L’union de vues entre Márquez et Bagnaia est rare et significative. Ces signaux faibles pourraient se transformer en problèmes majeurs si aucune solution n’est rapidement trouvée. Et face à des concurrents comme KTM ou Aprilia, qui progressent à grandes enjambées, Ducati ne peut se permettre de perdre le fil.
Les prochaines courses seront cruciales. Le développement du châssis, les ajustements aérodynamiques et l’analyse fine des datas collectées à Silverstone et au Mans pourraient déterminer le sort de la saison.

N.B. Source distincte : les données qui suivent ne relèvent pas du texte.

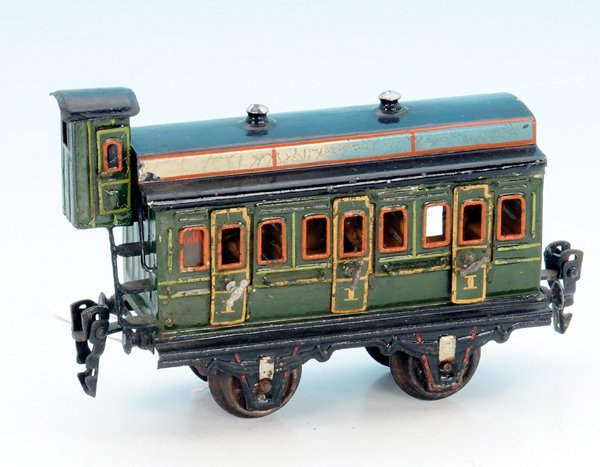 MÄRKLIN Abteilwagen 1866/0: 14,5 cm, grün, Oberlichtdach schwarz handlackiert, mit Inneneinrichtung, 1 Handgriff fehlt, Blechspeichenräder, leichte Gebrauchsspuren.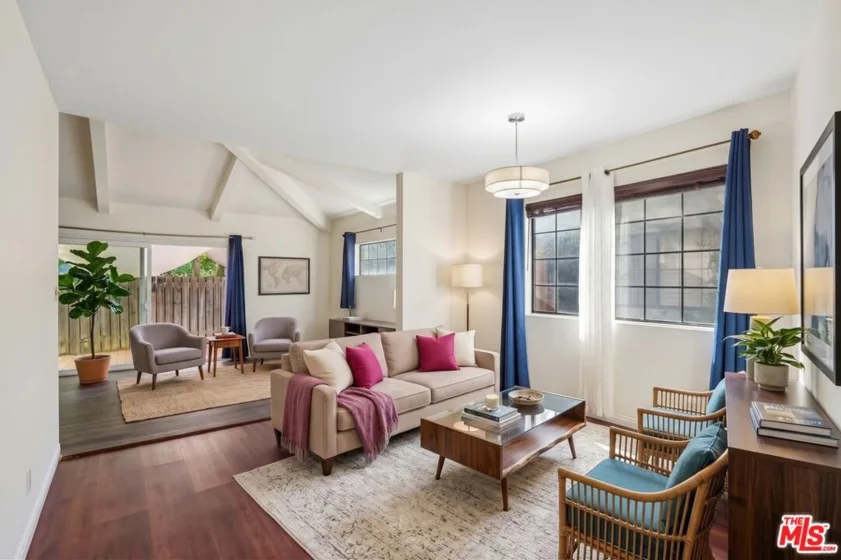 18424 Keswick Street #12 photo 3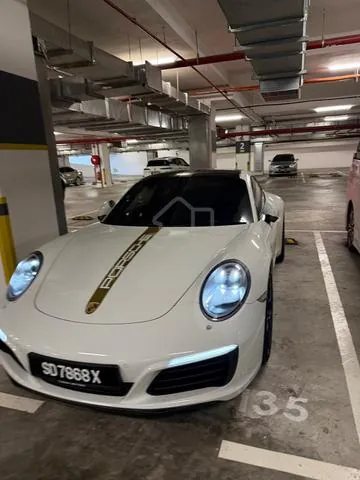 Porsche 911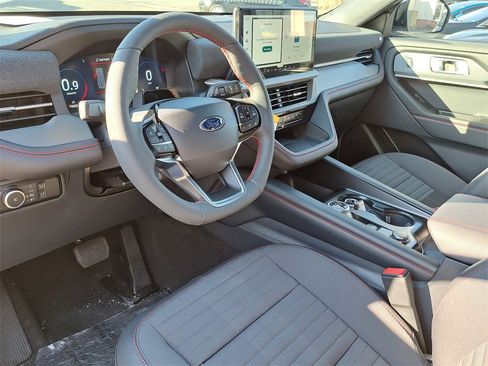 New 2026 Ford Explorer ST-Line w/ ST-Line Street Pack image 7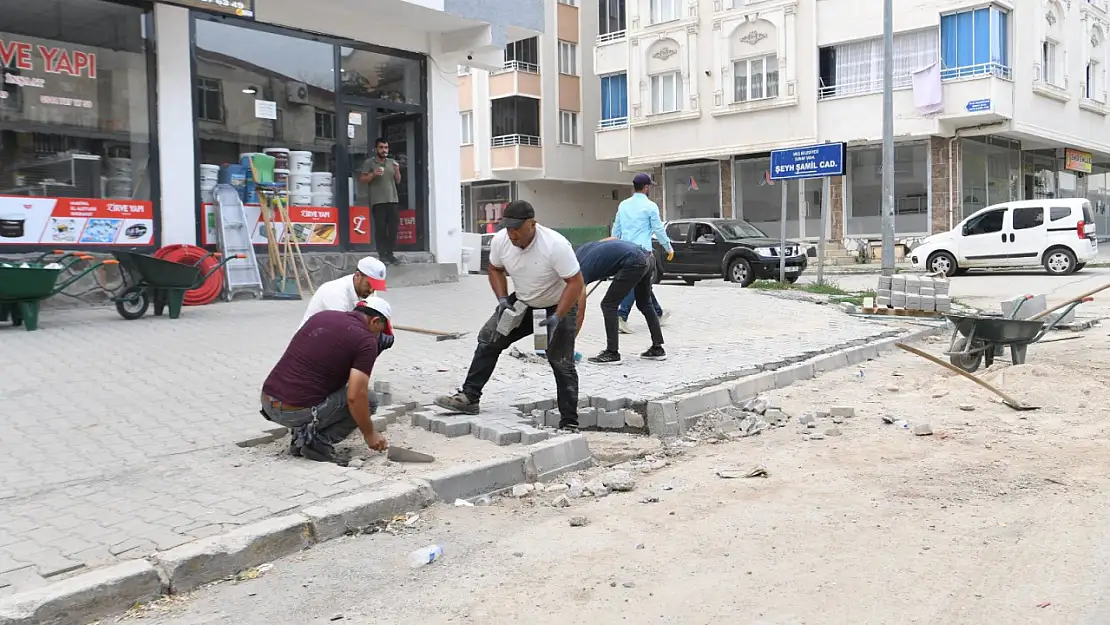 Sunay Mahallesi'nde Kaldırım Onarımları Başladı, Yaşam Kalitesi Artırılıyor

Conclusion : le géant Ducati sous pression
Derrière les résultats brillants et les victoires affichées au classement, Ducati abrite une inquiétude silencieuse. Les déclarations convergentes de Bagnaia et Márquez ne concernent pas un simple problème de ressenti : elles pointent un défaut structurel de la GP25, au moment crucial où la lutte pour le titre s’intensifie. Une remise en question de la stratégie 2025 pourrait s’imposer – avec une question clé : faut-il revenir à certains fondamentaux qui ont fait le succès de la GP23 ?
La saison est encore longue, mais une chose est sûre : chez Ducati, le doute s’installe. Et en MotoGP, le doute est souvent plus dangereux que l’adversaire.